§ Your task
Write out exactly the lines from the first line of the records below through the line that contains "Large Modscene planters", and stop there.

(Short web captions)

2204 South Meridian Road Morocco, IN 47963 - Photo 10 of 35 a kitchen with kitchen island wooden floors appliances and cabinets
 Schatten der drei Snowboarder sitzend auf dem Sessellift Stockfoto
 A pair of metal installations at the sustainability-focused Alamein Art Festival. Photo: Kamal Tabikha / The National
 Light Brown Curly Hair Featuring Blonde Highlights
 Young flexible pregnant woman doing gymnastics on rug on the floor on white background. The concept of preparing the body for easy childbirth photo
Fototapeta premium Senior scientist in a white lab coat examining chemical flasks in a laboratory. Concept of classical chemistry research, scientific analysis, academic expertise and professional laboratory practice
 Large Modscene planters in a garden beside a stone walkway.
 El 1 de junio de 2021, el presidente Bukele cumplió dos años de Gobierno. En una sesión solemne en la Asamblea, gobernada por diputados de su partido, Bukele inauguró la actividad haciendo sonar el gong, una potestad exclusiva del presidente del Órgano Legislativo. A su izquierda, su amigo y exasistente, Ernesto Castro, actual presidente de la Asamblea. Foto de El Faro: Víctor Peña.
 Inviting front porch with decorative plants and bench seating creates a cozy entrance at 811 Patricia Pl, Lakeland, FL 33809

§ Output
2204 South Meridian Road Morocco, IN 47963 - Photo 10 of 35 a kitchen with kitchen island wooden floors appliances and cabinets
 Schatten der drei Snowboarder sitzend auf dem Sessellift Stockfoto
 A pair of metal installations at the sustainability-focused Alamein Art Festival. Photo: Kamal Tabikha / The National
 Light Brown Curly Hair Featuring Blonde Highlights
 Young flexible pregnant woman doing gymnastics on rug on the floor on white background. The concept of preparing the body for easy childbirth photo
Fototapeta premium Senior scientist in a white lab coat examining chemical flasks in a laboratory. Concept of classical chemistry research, scientific analysis, academic expertise and professional laboratory practice
 Large Modscene planters in a garden beside a stone walkway.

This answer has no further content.